Supplied records Block Start

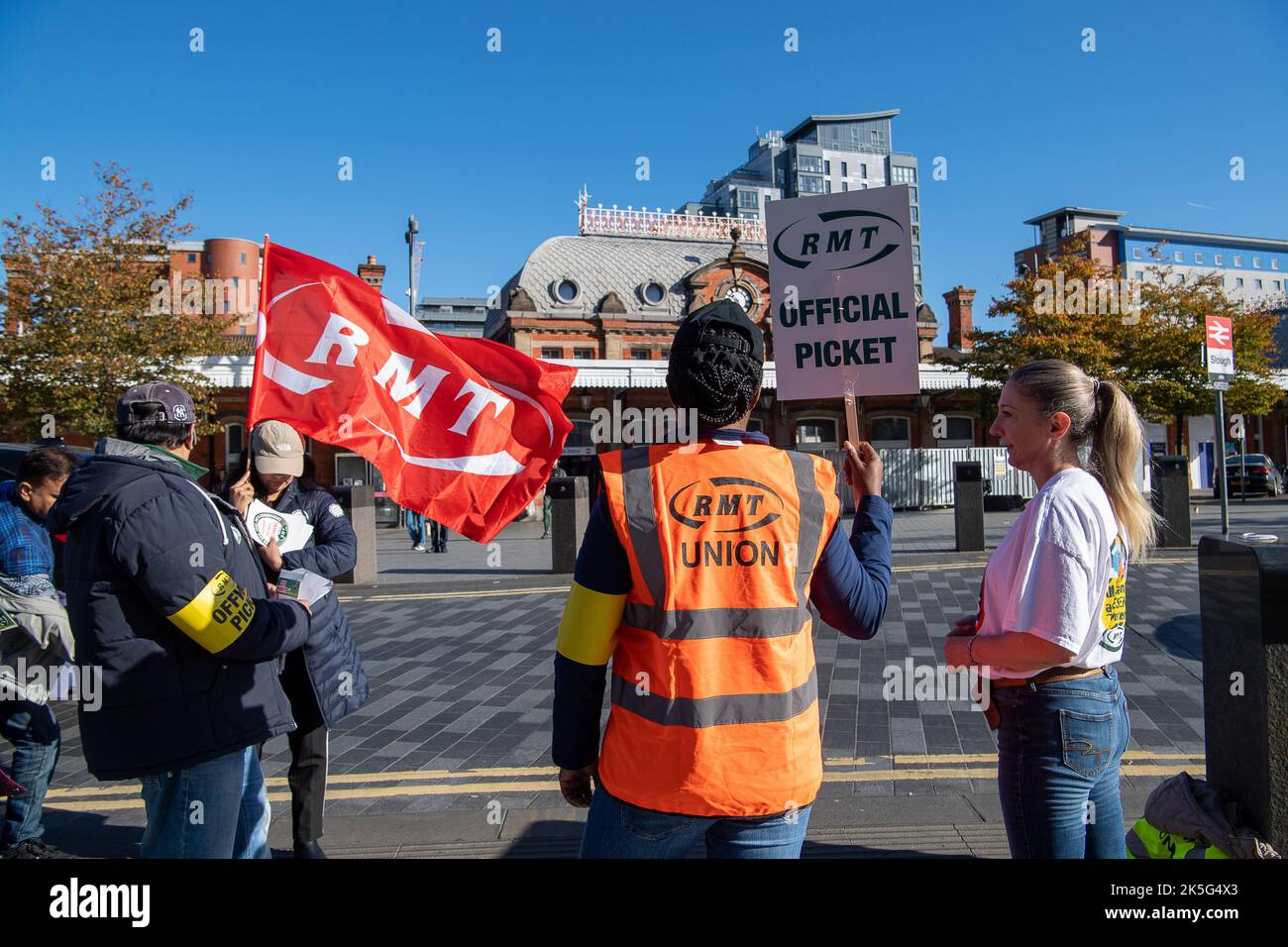 Slough, Berkshire, UK. 8th October, 2022. Employees who work at Slough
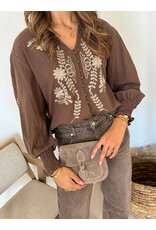 21Jewelz Blouse met bloemenborduursel - taupe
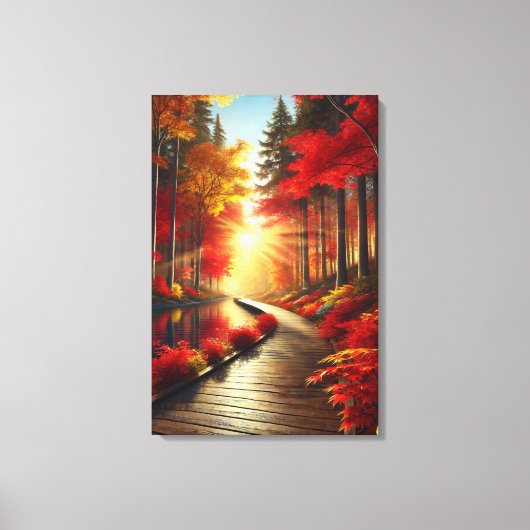 Sérénité dorée : Impression sur toile d'une forêt (Recto)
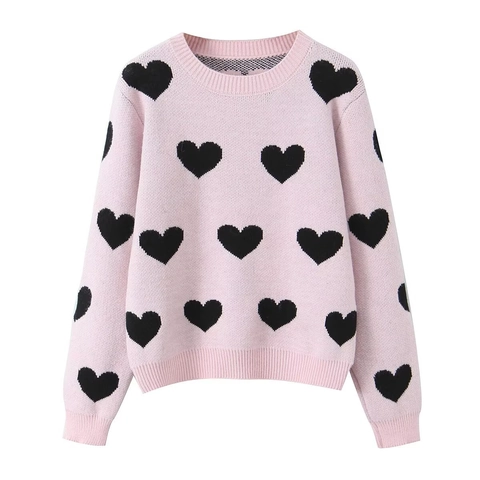Jersey De Punto Para Mujer Estampado De Corazón Manga Larga Cuello Redondo Poliéster Suave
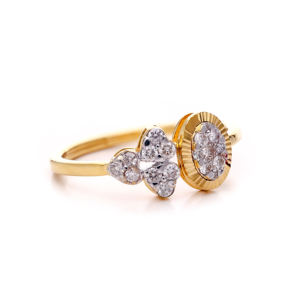 Bague élégante en forme d'ovale et de cœur avec un cluster de diamants pour femmes avec bijoux de mode réglables - Product Image 3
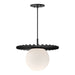 Alora - PD501214MBOP - One Light Pendant - Plume - Matte Black/Opal Matte Glass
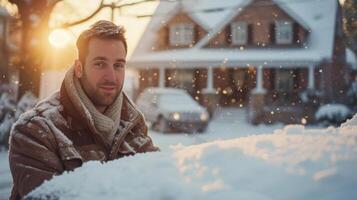ai genererad ung stilig man clearing snö från hans bil Nästa till hans klassisk amerikan Hem foto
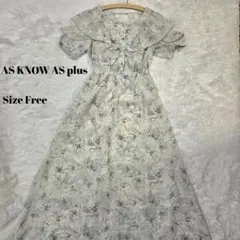 美品 アズノゥアズプラス 肩開き フリル 花柄 ワンピース ビジューボタンのサムネイル
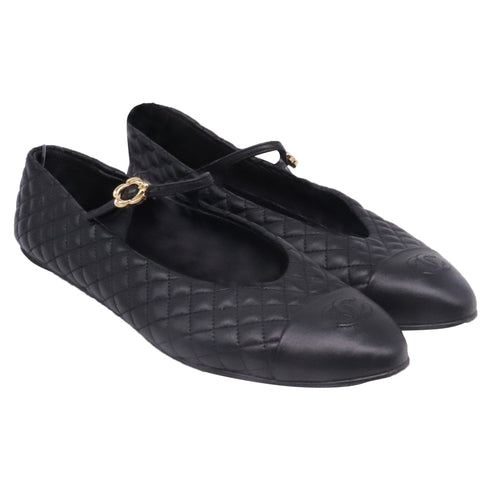 Women's Chanel CC Cap-Toe Quilted Mary Jane Ballet Flats in Black Leather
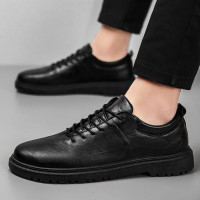 述雅先贺厨师鞋男厨房酒店防滑防水防油上班工作鞋子男四季全黑色透气休闲百搭皮鞋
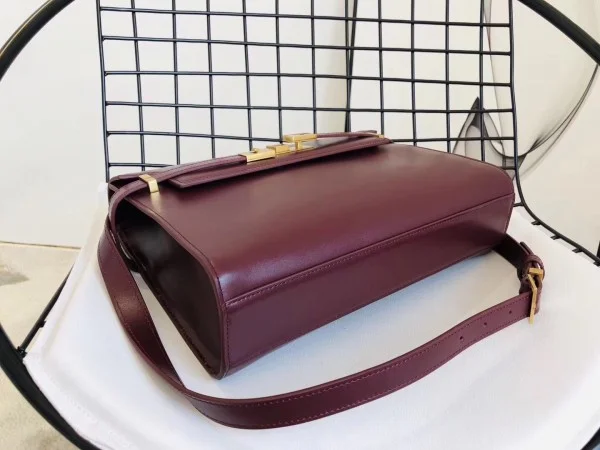 Replica YSL Fake Saint Laurent Manhattan Baguette Bag In Bordeaux Leather 7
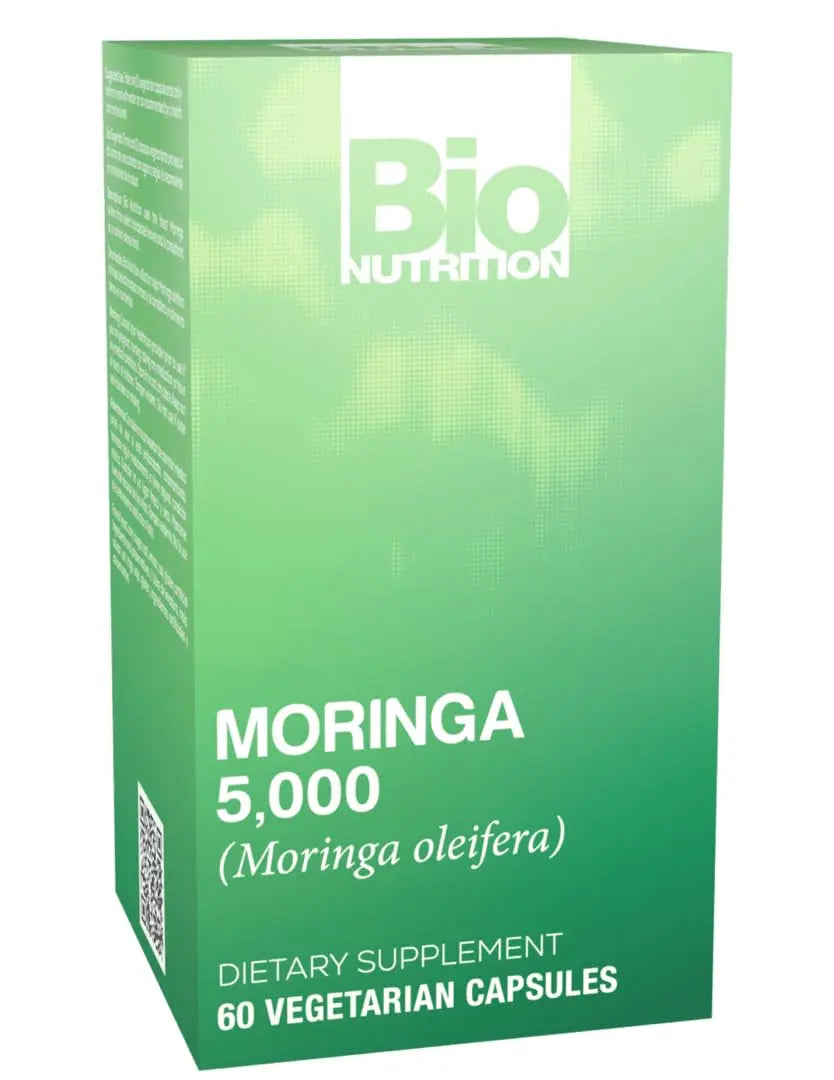 Bio Nutrition Moringa 5000mg 60 Vegetarian Capsules | Complete Green Superfood | Nature's Multivitamin | Energy and Gut Health Bio NutritionBuy Supplements Australia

Supplied records Block End

(Task brief)
Although the records above contain pictures, only their text is to be repeated, exactly as given.

(Final answer)
 Slough, Berkshire, UK. 8th October, 2022. Employees who work at Slough
 21Jewelz Blouse met bloemenborduursel - taupe
 Sérénité dorée : Impression sur toile d'une forêt (Recto)
Jersey De Punto Para Mujer Estampado De Corazón Manga Larga Cuello Redondo Poliéster Suave
 Bague élégante en forme d'ovale et de cœur avec un cluster de diamants pour femmes avec bijoux de mode réglables - Product Image 3
 Alora - PD501214MBOP - One Light Pendant - Plume - Matte Black/Opal Matte Glass
ai genererad ung stilig man clearing snö från hans bil Nästa till hans klassisk amerikan Hem foto
 美品 アズノゥアズプラス 肩開き フリル 花柄 ワンピース ビジューボタンのサムネイル
 Women's Chanel CC Cap-Toe Quilted Mary Jane Ballet Flats in Black Leather
 述雅先贺厨师鞋男厨房酒店防滑防水防油上班工作鞋子男四季全黑色透气休闲百搭皮鞋
 Replica YSL Fake Saint Laurent Manhattan Baguette Bag In Bordeaux Leather 7
 Bio Nutrition Moringa 5000mg 60 Vegetarian Capsules | Complete Green Superfood | Nature's Multivitamin | Energy and Gut Health Bio NutritionBuy Supplements Australia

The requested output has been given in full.